Comment faire confiance à un chef d’État, (un des fameux B) coutumier de faux-semblants, de simulacres négociations, et de fausses conférences au profit du régime pour lui confier aujourd’hui la conduite du processus d’abolition de ce même régime?
Comment accepter qu’un ministre de l’intérieur (un autre B), pilier du régime de gangsters, pétri dans le faux et les fraudes électorales des années durant soit encore le premier ministre aujourd’hui et choisisse le nouveau gouvernement contre la volonté de la grande majorité du peuple estimée à plus de 25 millions de personnes ?

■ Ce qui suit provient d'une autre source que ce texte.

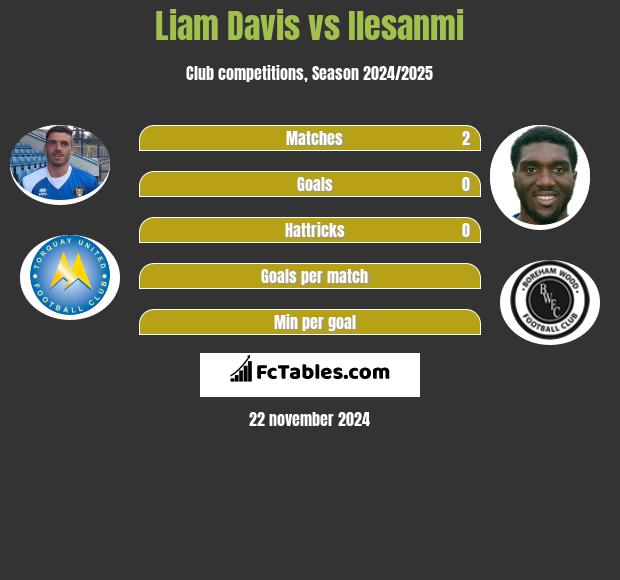 Liam Davis vs Ilesanmi h2h player stats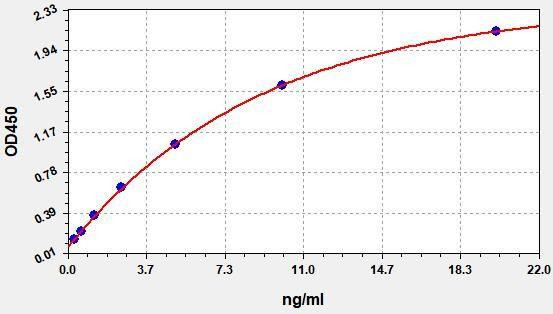 Bevacizumab ELISA Kit (AEFI01151)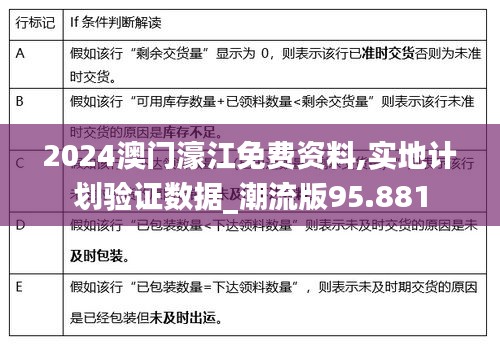 2024澳门濠江免费资料,实地计划验证数据_潮流版95.881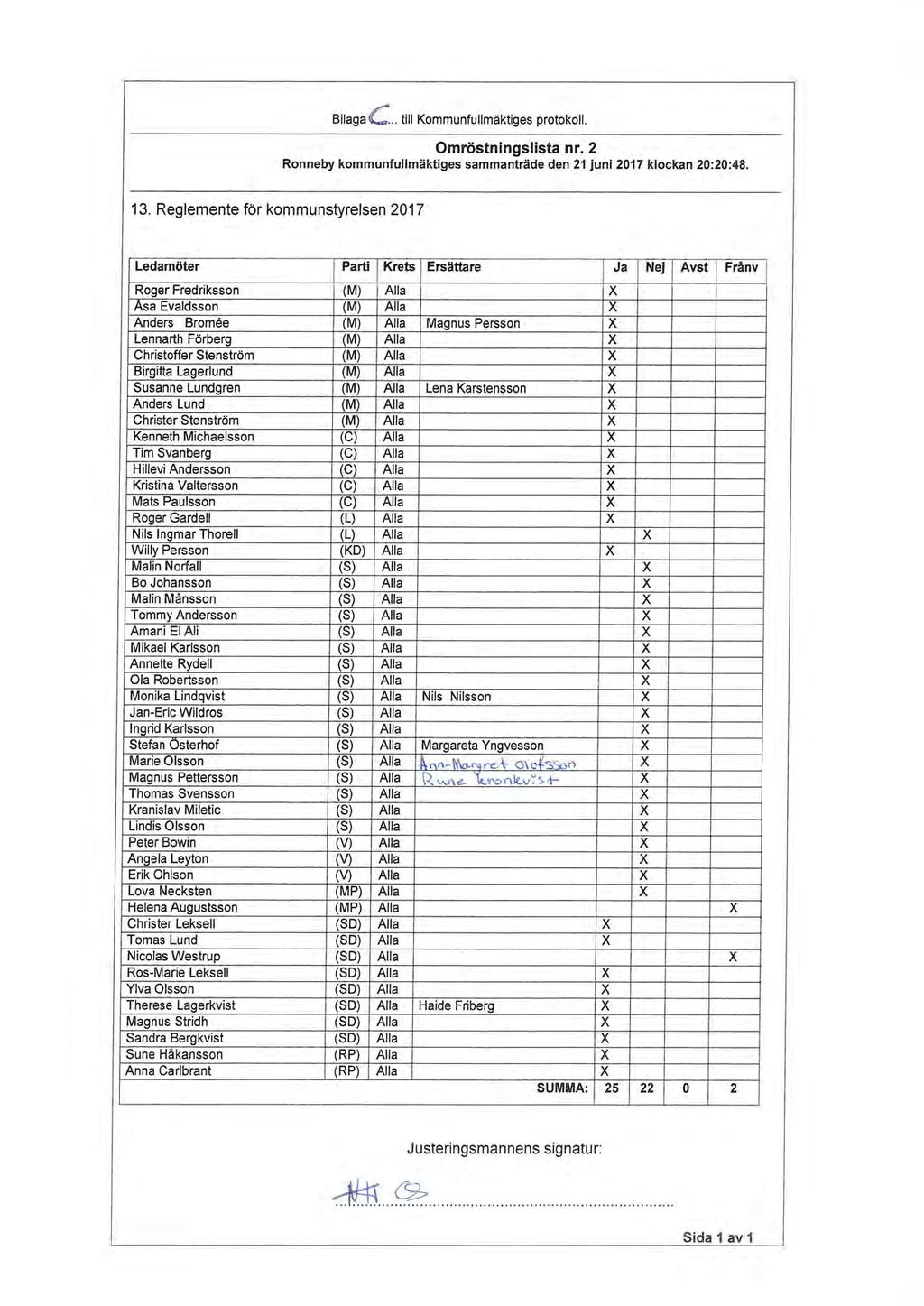 Bilaga till s protokoll. Omröstningslista nr. 2 Ronneby kommunfullmäktiges sammanträde den 21 juni 2017 klockan 20:20:48. 13.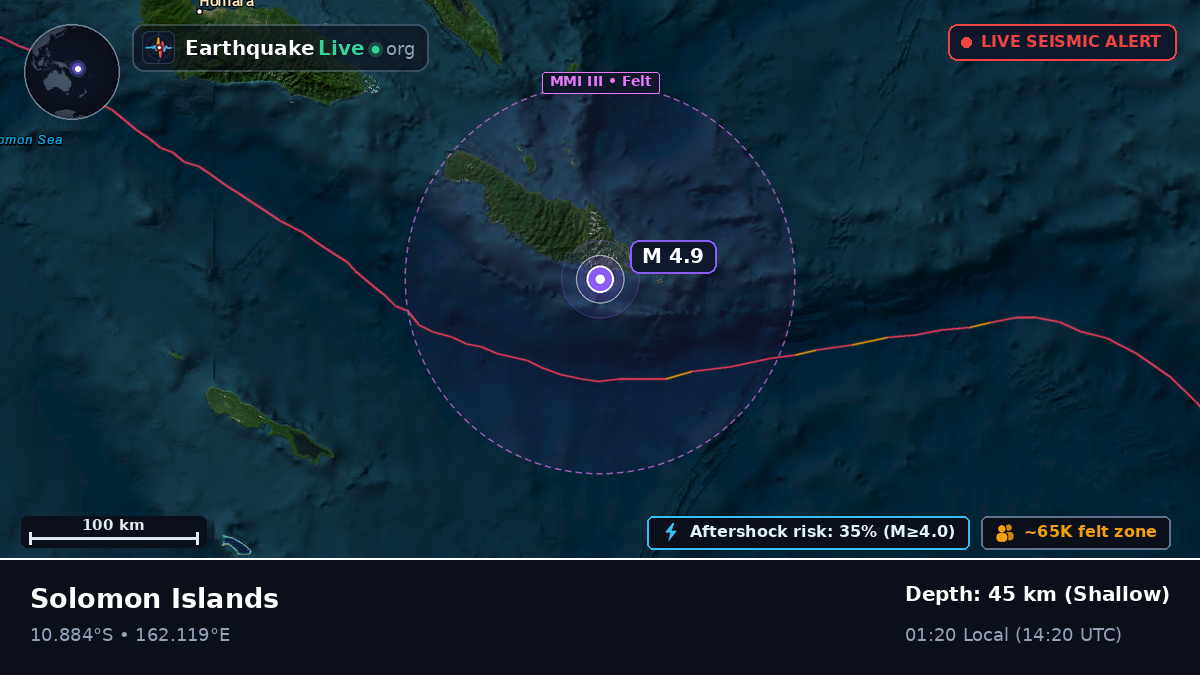 Coral Sea (Solomon Islands)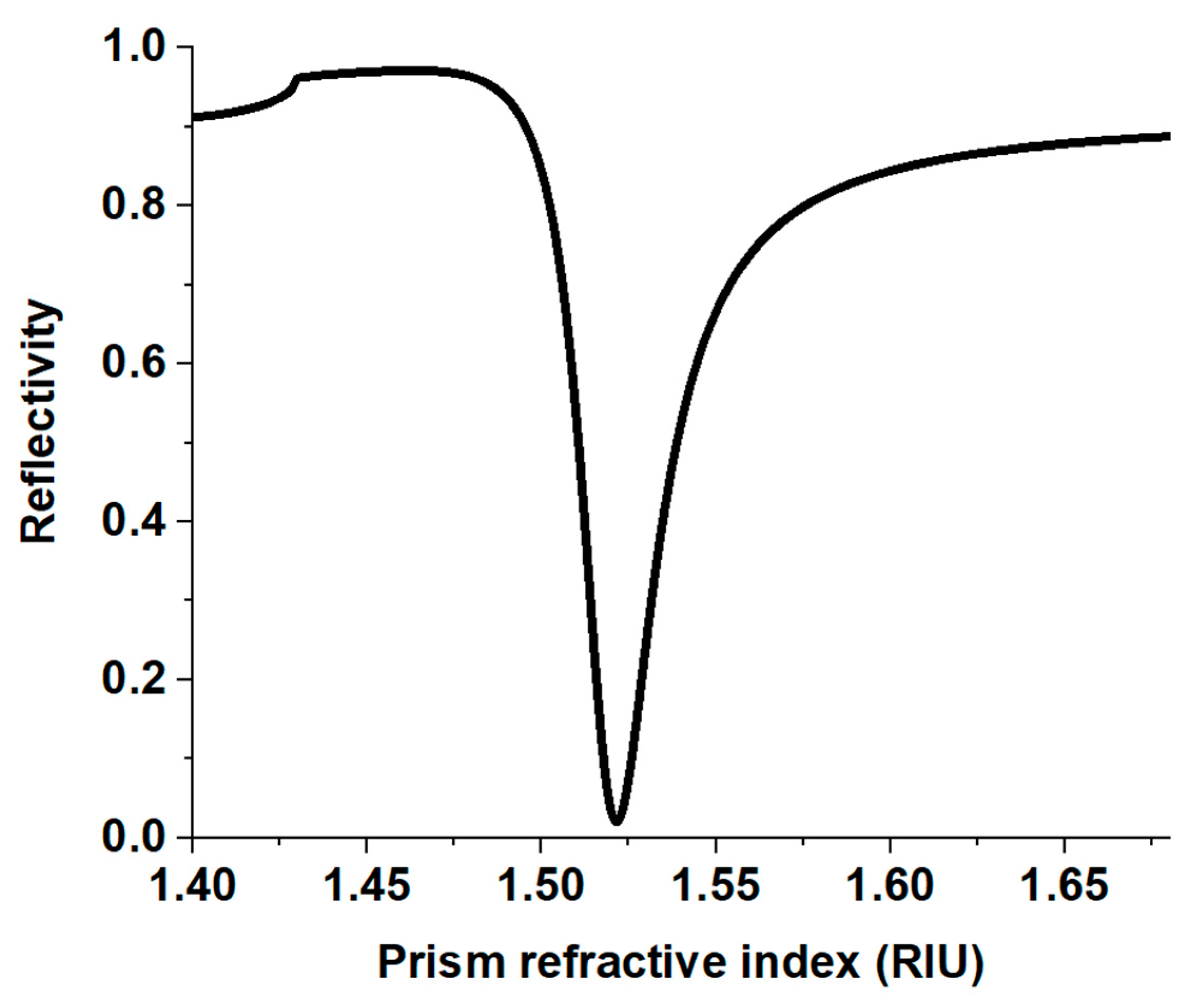Crystals 11 00616 g005 Crystals 11 00616 g005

Composer avec la feuille de route qui enferme la révolution pacifique du peuple dans l’article 102 de la constitution, c’est trahir les aspirations de toute cette jeunesse algérienne qui s’est soulevée pour se réapproprier son pays, sa liberté et son avenir. Autant d’objectifs que Gaid Salah doit mettre dans la balance quand vient le temps de demander au peuple de faire preuve de patience et de suivre la constitution.
Un niet à la feuille de route du régime
En continuant de manifester pacifiquement depuis plus de deux mois, malgré la non satisfaction de ses revendications essentielles, le peuple et sa jeunesse font déjà preuve de patience et d’une grande responsabilité à l’égard des intérêts de leur pays. Cependant, par leur détermination, ils font savoir qu’il n’est pas question pour cette révolution de s’arrêter en chemin et de s’ajouter aux rendez-vous de la démocratie et l’État de droit que les Algériens ont raté, et ce, dès le lendemain de leur indépendance.
La jeunesse algérienne de 2019 est consciente de ses forces et de ses compétences à relever les défis de son pays. Elle est suffisamment motivée pour aller vers cette nouvelle Algérie, libérée de ses gourous éclaboussés de toutes parts. Et la seule feuille de route que les millions d’Algériens conçoivent est celle qui rende justice à la légitimité de leur révolution et replace la souveraineté du peuple au cœur du pouvoir. Rien de plus simple pour sortir de la crise si on veut réellement accompagner le peuple algérien vers la construction d’un État de droit.